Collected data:
· · ·
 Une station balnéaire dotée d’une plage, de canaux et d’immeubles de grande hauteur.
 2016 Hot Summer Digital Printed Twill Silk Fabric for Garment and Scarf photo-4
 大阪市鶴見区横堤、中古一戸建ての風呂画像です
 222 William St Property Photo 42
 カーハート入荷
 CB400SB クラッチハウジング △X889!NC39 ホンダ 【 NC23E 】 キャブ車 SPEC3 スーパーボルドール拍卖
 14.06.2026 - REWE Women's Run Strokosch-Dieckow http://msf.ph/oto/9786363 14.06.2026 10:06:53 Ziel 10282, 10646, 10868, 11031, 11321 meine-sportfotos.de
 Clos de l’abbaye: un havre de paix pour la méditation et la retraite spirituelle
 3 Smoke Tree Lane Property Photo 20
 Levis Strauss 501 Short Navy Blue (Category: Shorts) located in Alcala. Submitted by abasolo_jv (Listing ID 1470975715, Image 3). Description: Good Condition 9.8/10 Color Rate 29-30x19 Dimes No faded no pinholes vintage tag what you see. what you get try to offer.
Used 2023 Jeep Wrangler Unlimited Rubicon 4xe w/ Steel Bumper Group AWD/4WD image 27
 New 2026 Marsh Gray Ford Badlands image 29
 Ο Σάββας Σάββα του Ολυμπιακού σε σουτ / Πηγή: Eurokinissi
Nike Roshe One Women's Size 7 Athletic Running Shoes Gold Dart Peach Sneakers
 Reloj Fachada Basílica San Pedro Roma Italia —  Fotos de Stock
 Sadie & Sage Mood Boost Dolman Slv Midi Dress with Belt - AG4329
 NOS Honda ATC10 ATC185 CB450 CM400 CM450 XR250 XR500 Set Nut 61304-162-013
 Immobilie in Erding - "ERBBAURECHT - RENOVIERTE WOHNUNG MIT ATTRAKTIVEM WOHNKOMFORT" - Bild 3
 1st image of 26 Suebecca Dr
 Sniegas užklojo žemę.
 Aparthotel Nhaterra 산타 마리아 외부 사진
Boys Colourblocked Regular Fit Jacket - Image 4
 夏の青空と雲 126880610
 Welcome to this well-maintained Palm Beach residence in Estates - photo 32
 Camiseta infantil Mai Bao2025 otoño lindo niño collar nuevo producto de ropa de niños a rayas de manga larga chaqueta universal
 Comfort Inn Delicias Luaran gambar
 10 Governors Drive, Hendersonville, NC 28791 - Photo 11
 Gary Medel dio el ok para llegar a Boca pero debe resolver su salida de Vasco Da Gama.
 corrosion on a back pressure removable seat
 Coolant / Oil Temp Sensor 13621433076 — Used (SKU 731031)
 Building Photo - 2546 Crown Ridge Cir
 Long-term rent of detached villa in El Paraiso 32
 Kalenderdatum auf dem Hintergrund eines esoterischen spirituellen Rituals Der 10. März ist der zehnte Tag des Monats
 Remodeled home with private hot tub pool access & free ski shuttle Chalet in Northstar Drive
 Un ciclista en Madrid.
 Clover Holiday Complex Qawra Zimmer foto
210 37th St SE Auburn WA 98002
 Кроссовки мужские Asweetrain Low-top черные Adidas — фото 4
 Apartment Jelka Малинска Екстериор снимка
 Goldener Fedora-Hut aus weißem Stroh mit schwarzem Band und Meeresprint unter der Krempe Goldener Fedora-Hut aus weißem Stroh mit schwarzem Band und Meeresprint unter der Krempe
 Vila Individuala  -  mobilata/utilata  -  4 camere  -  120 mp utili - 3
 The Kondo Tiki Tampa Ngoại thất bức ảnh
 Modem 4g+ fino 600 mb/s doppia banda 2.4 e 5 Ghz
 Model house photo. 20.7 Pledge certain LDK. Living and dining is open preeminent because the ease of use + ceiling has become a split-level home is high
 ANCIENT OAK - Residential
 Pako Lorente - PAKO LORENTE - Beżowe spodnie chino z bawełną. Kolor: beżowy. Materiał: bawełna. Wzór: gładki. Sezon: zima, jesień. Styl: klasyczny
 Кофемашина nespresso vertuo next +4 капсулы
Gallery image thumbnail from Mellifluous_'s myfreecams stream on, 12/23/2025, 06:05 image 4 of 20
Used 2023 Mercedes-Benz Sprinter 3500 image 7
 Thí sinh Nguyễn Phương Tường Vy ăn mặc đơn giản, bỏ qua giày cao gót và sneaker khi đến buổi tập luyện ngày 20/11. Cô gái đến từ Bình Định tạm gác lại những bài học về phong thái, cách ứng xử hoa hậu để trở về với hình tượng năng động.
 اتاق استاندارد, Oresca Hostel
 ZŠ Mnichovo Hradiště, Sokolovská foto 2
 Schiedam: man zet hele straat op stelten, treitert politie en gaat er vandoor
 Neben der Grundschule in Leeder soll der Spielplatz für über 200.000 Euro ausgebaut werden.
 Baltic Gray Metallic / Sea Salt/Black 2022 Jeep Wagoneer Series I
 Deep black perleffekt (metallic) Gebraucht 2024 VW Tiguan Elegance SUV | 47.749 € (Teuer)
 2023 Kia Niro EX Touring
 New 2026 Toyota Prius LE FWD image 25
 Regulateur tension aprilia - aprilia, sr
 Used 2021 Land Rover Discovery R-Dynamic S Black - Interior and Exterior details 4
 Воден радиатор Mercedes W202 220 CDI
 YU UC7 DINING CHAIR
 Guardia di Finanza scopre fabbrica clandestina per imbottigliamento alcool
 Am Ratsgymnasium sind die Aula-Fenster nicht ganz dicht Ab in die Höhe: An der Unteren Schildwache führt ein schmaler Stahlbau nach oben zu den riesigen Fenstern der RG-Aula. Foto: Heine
· · ·
Using the entries above, determine how many lines include the string "Mercedes" and write only that number.

* _TASK SOLUTION_
2